- Task goal
Transcribe everything in the records exactly. Skip the images.

Listed records Block Start

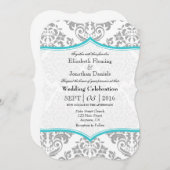 Turquoise Gray Damask Bracket Wedding Invite Kaart (Voorkant / Achterkant)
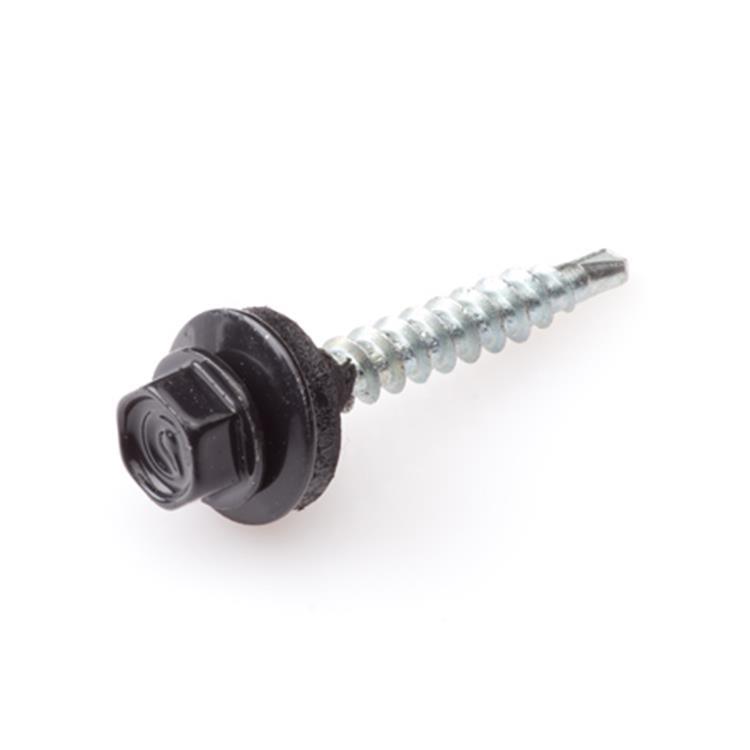 Profielplaatschroeven Dak & Gevel 4,8x35mm - Zwart Verzinkt - Zeskantkop met EPDM (200 stuks) Profielplaatschroeven Dak & Gevel 4,8x35mm - Zwart Verzinkt - Zeskantkop met EPDM (200 stuks)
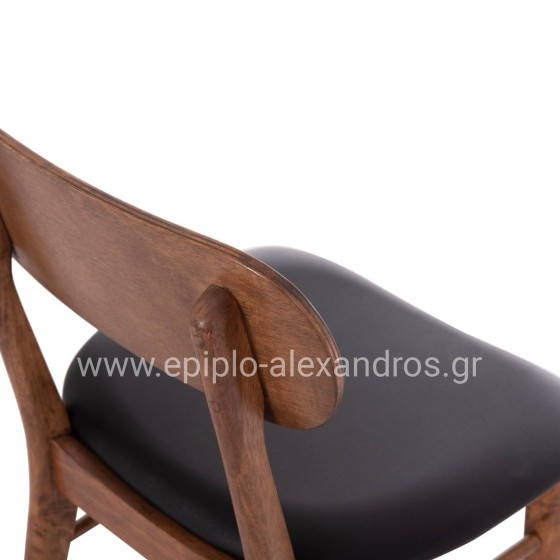 KΑΡΕΚΛΑ ΤΡΑΠΕΖΑΡΙΑΣ SEKOR HM9945.03 ΚΑΡΥΔΙ RUBBERWOOD-ΜΑΥΡΟ PU 51x48x79Υεκ
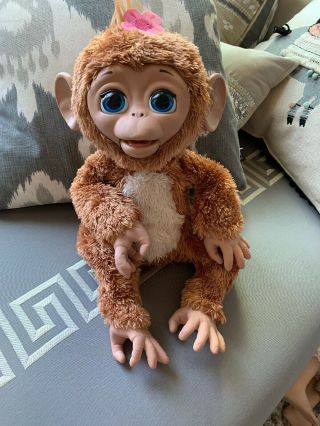 Cuddles My Giggly Monkey Pet With Closing Eyes And Realistic Sounds Great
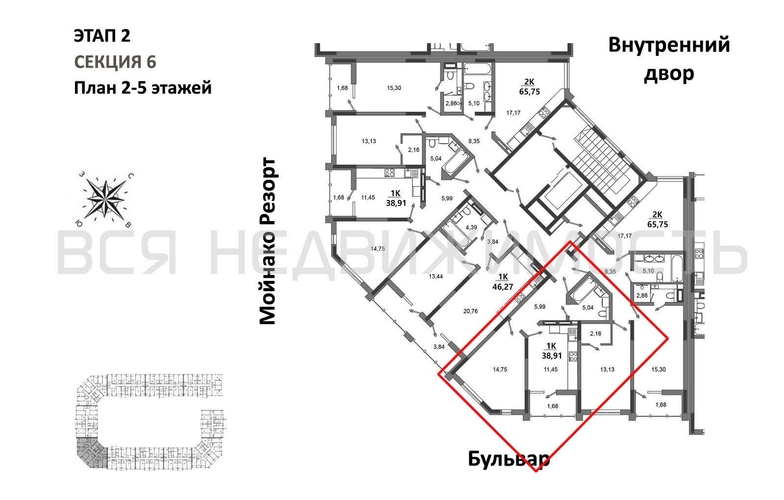 1-комнатная квартира, 38.91кв.м - изображение 1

Listed records Block End

- Exercise output
 Turquoise Gray Damask Bracket Wedding Invite Kaart (Voorkant / Achterkant)
 Profielplaatschroeven Dak & Gevel 4,8x35mm - Zwart Verzinkt - Zeskantkop met EPDM (200 stuks) Profielplaatschroeven Dak & Gevel 4,8x35mm - Zwart Verzinkt - Zeskantkop met EPDM (200 stuks)
 KΑΡΕΚΛΑ ΤΡΑΠΕΖΑΡΙΑΣ SEKOR HM9945.03 ΚΑΡΥΔΙ RUBBERWOOD-ΜΑΥΡΟ PU 51x48x79Υεκ
 Cuddles My Giggly Monkey Pet With Closing Eyes And Realistic Sounds Great
 1-комнатная квартира, 38.91кв.м - изображение 1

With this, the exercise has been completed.